The London-based rights group said in a statement on Friday that seven people were executed this year, including one who was a child when convicted of murder. It said 342 other people were on death row.
"The world’s youngest nation has embraced this outdated, inhuman practice and is executing people, even children, at a time when the rest of the world is abandoning this abhorrent punishment," Joan Nyanyuki, Amnesty's regional director, said in the statement.
"The president of South Sudan must stop signing execution orders and end this obvious violation of the right to life," she added.
Juba, however, denied the report, saying no one had been executed in the country since 2011 and a moratorium had been placed on the practice since 2013.
Presidency spokesman Ateny Wek Ateny said the capital punishment remained on the statute books, adding, "If you kill a person, you will be executed."
South Sudan, the youngest country in Africa, is suffering from a bloody civil war, whose history goes back to President Salva Kiir accusing his former deputy Riek Machar and current rebel leader of plotting a coup.
In September, Kiir signed a peace agreement with rebel factions in the Ethiopia to end the civil war.

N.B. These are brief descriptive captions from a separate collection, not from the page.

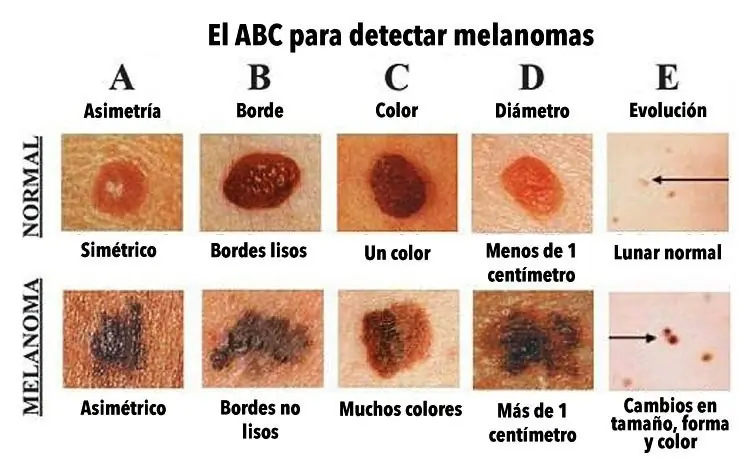 Imagen que podría Salvarte, Saber si tu Lunar es Canceroso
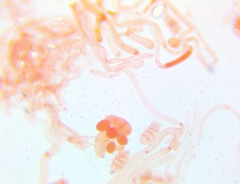Dacrymyces minor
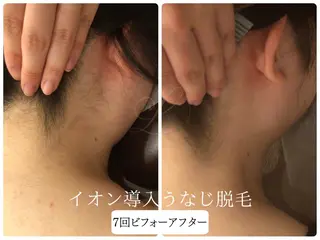 🎀うなじ脱毛🎀 ㅣLino堀江のエステ・リラクイメージ
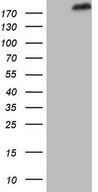 HEK293T cells were transfected with the pCMV6-ENTRY control (Left lane) or pCMV6-ENTRY SETD1A (Right lane) cDNA for 48 hrs and lysed. Equivalent amounts of cell lysates (5 ug per lane) were separated by SDS-PAGE and immunoblotted with anti-SETD1A.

However, UN rights investigators said on Friday that all sides in the conflict continue to recruit fighters despite the September accord which stipulates that the warring parties stop recruitment, whether voluntary or forced, as a permanent truce takes hold.
"There is a worrying trend, that there is some recruitment going on," Barney Afako, a member of the UN's Commission on Human Rights in South Sudan, said at the end of a four-day visit to the country.
Yasmin Sooka, the chairperson of the commission, said the new recruitment "is on all sides" of South Sudan's conflict.
The exact motivation behind the recruitment is still unclear, but Afako said it might be "tactical" so that militant groups can argue for a greater share of government demobilization programs, or it might be "preparation to return to conflict."
According to the report, fighting has stopped since the deal was signed in September.